This should not surprise us to find a physical thing, such as a city, representing people in the book of Revelation. Did not the city of Babylon represent all who were opposed to God and to Christ? The new Jerusalem is to be contrasted, then, with Babylon. Babylon was made desolate, but the Jerusalem from above is eternal. And do you remember how the church was represented by the temple in Revelation 11? The temple and the alter and those who worship there were measured, but the courtyard was left exposed and given to the trampling of the gentiles. Symbolized there was the church, not in her glory, but in present condition. The elect of God are indeed measured and kept secure even now. But there is more to the story. The elect of God are also given to trials, tribulations, persecutions and sufferings. There in Revelation 11 the temple stood for the church of God in this present evil age. Here in Revelation 21 the city of Jerusalem symbolizes the church of God in glory. She is the bride of Christ. She is what Christ redeemed with his blood: “Husbands, love your wives, as Christ loved the church and gave himself up for her, that he might sanctify her, having cleansed her by the washing of water with the word, so that he might present the church to himself in splendor, without spot or wrinkle or any such thing, that she might be holy and without blemish.” (Ephesians 5:25–27, ESV)

And notice that the bride of Christ of Revelation 21 is meant to be contrasted with another woman in the book of Revelation, namely the harlot of Revelation 17. Just as earthly Babylon and the heavenly Jerusalem are to be contrasted, so too Christ’s bride and the dragon’s woman are to be contrasted.
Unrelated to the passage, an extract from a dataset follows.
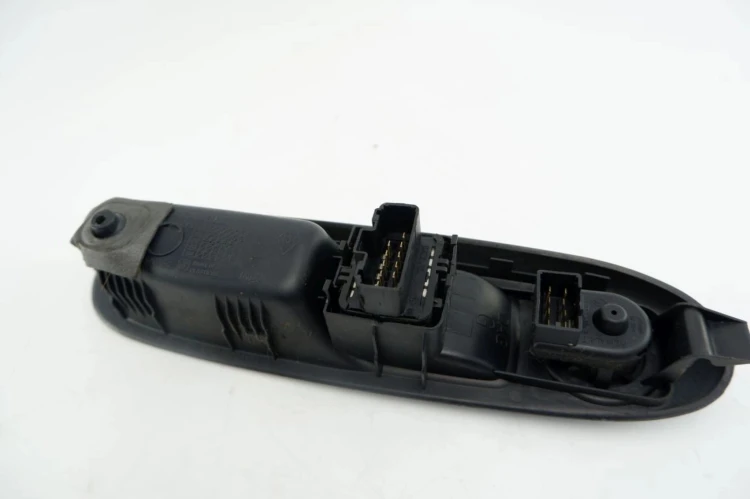 PANEL STEROWANIA SZYB RENAULT CLIO II LIFT (2003-2005) 1.5 DCI 8200084003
Listen again to verse 9: “Then came one of the seven angels who had the seven bowls full of the seven last plagues and spoke to me, saying, ‘Come, I will show you the Bride, the wife of the Lamb’” (Revelation 21:9, ESV). And compare that to what we read in 17:1: “Then one of the seven angels who had the seven bowls came and said to me, ‘Come, I will show you the judgment of the great prostitute who is seated on many waters’” (Revelation 17:1, ESV). In 17:3 we read, “And he carried me away in the Spirit into a wilderness [or a desolate place], and I saw a woman sitting on a scarlet beast that was full of blasphemous names, and it had seven heads and ten horns” (Revelation 17:3, ESV). Where as in 21:10 we read, “And he carried me away in the Spirit to a great, high mountain, and showed me the holy city Jerusalem coming down out of heaven from God…” (Revelation 21:10, ESV). The language introducing the vision of the harlot and the vision of Christ’s bride is almost exact.
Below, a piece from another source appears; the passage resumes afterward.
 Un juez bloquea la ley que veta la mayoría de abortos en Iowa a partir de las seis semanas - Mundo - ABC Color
The meaning of the contrast is hard to miss. Thought the godless pleasures of this world might seem to be so appealing at first, they are rotten to the core and their end is desolation. And though the things of God might on the surface seem so unappealing, to belong to God through faith in Jesus Christ is in the end, most glorious. It is infinitely better to chase after to Christ and to belong to God than to chase after the harlot and  to belong to the Evil One.

Let us consider for a moment the bride of Christ in her glory.

In verse 10 John says, “And he carried me away in the Spirit to a great, high mountain, and showed me the holy city Jerusalem coming down out of heaven from God, having the glory of God, its radiance like a most rare jewel, like a jasper, clear as crystal” (Revelation 21:10–11, ESV).

The first thing that John is struck by is the radiant light of the glory of God which fills the whole of the new Jerusalem.

In Revelation 4:3 John describes a vision that he saw of God on his heavenly throne. He said,  “And he who sat there had the appearance of jasper and carnelian, and around the throne was a rainbow that had the appearance of an emerald” (Revelation 4:3, ESV). Now John says that the whole city is filled with this glory. Indeed, when all is made new heaven and earth will become one and God will dwell in the mist of his people.

In verse 12 John describes this symbolic city as having “a great, high wall, with twelve gates, and at the gates twelve angels, and on the gates the names of the twelve tribes of the sons of Israel were inscribed— on the east three gates, on the north three gates, on the south three gates, and on the west three gates” (Revelation 21:12–13, ESV).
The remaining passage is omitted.